### Exercise details
A verbatim transcript of the lines below, starting at the first and ending with the one that holds "85x195cm Porta Doccia", is what should be produced.

START Data supplied

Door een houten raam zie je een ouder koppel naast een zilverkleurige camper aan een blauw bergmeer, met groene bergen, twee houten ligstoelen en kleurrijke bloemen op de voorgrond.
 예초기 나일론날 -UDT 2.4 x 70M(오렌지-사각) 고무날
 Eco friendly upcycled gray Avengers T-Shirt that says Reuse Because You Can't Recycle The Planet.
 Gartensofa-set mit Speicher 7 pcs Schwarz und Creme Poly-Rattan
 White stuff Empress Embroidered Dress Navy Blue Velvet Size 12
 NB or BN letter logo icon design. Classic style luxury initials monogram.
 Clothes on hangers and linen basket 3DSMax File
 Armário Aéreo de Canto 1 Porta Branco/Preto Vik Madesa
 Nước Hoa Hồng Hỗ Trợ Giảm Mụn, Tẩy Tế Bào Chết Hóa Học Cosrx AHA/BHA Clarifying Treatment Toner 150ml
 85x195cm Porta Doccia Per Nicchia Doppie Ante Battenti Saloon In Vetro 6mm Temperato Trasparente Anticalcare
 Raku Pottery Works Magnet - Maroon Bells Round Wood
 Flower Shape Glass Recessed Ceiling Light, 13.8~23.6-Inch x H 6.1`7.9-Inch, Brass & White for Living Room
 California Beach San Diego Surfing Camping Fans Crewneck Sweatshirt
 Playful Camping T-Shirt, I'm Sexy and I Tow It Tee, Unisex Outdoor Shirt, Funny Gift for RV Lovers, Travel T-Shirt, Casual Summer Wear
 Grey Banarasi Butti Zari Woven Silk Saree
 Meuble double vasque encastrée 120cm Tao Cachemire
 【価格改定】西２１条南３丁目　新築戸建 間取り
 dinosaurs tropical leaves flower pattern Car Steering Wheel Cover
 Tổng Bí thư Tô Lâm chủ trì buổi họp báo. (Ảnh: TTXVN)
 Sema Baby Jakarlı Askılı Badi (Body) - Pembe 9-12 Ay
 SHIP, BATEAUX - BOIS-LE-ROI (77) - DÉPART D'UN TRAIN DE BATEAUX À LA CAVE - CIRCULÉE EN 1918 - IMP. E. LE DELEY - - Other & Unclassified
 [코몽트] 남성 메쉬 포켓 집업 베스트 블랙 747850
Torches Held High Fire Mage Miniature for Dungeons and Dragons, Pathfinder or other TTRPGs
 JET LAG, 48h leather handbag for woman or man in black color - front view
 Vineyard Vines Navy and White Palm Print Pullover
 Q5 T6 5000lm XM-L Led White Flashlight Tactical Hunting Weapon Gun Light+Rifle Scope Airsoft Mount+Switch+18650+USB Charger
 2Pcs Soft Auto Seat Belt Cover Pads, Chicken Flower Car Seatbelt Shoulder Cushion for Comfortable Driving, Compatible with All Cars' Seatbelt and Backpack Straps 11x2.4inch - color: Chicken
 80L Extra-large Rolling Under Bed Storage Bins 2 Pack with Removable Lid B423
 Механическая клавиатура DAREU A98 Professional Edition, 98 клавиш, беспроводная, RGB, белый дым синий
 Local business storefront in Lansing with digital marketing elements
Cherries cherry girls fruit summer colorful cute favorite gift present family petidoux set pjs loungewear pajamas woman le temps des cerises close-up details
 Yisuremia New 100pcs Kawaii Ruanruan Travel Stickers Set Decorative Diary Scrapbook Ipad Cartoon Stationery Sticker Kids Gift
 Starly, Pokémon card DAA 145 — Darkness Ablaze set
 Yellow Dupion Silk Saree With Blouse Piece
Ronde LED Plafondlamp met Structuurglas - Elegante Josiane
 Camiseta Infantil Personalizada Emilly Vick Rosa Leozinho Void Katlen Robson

END Data supplied

### Your response
Door een houten raam zie je een ouder koppel naast een zilverkleurige camper aan een blauw bergmeer, met groene bergen, twee houten ligstoelen en kleurrijke bloemen op de voorgrond.
 예초기 나일론날 -UDT 2.4 x 70M(오렌지-사각) 고무날
 Eco friendly upcycled gray Avengers T-Shirt that says Reuse Because You Can't Recycle The Planet.
 Gartensofa-set mit Speicher 7 pcs Schwarz und Creme Poly-Rattan
 White stuff Empress Embroidered Dress Navy Blue Velvet Size 12
 NB or BN letter logo icon design. Classic style luxury initials monogram.
 Clothes on hangers and linen basket 3DSMax File
 Armário Aéreo de Canto 1 Porta Branco/Preto Vik Madesa
 Nước Hoa Hồng Hỗ Trợ Giảm Mụn, Tẩy Tế Bào Chết Hóa Học Cosrx AHA/BHA Clarifying Treatment Toner 150ml
 85x195cm Porta Doccia Per Nicchia Doppie Ante Battenti Saloon In Vetro 6mm Temperato Trasparente Anticalcare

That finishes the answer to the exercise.